PROBLEM STATEMENT ▸ Reproduce the listing below exactly, minus its pictures.

THE DATA ▸
####
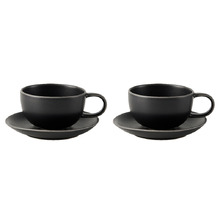 Mikkie 200ml Stoneware Teacups & Saucers (Set of 2)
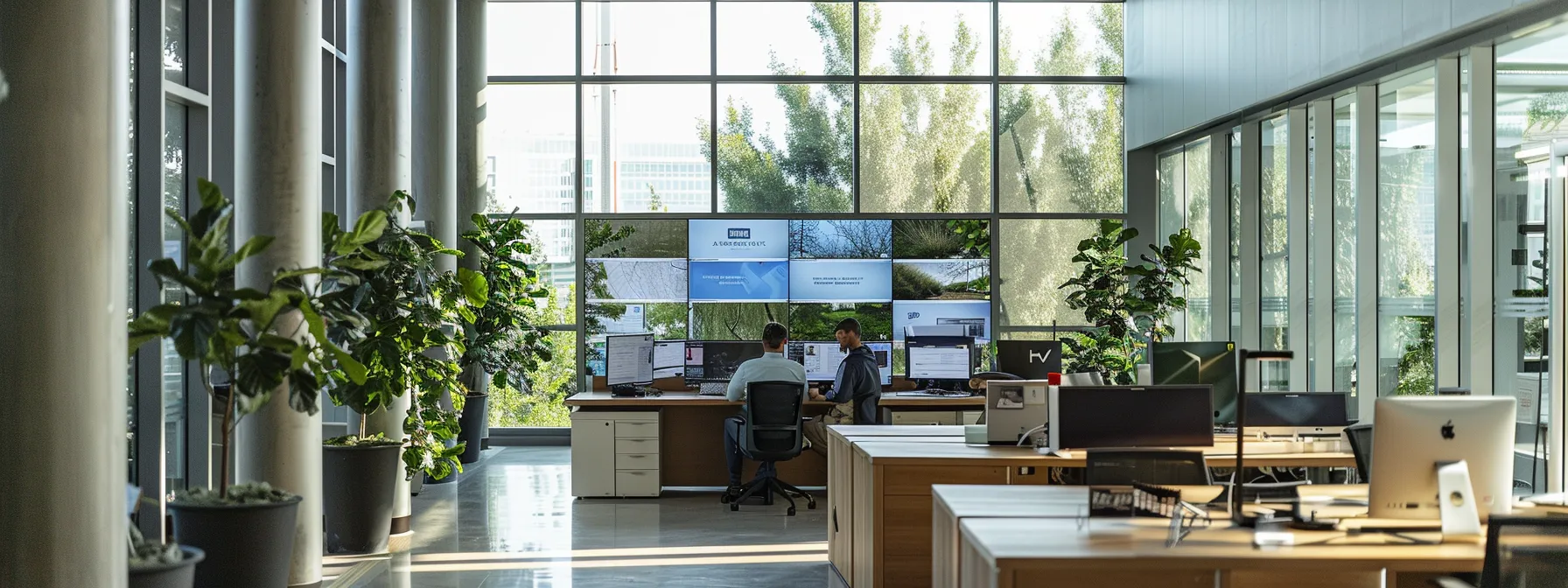 a visually dynamic office space features a professional at a sleek desk, surrounded by strategically placed digital screens showcasing engaging persuasive copy, infusing a sense of innovation and high conversion potential.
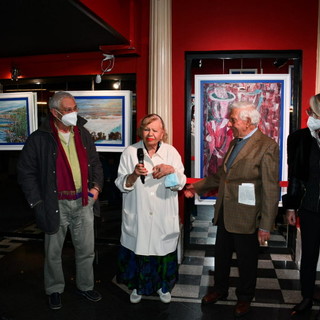 Sanremo: inaugurata oggi pomeriggio al 'Whisky a Go Go' la mostra della pittrice Milly Miola (Foto)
####
OUTPUT OF THE TASK ▸
 Mikkie 200ml Stoneware Teacups & Saucers (Set of 2)
 a visually dynamic office space features a professional at a sleek desk, surrounded by strategically placed digital screens showcasing engaging persuasive copy, infusing a sense of innovation and high conversion potential.
 Sanremo: inaugurata oggi pomeriggio al 'Whisky a Go Go' la mostra della pittrice Milly Miola (Foto)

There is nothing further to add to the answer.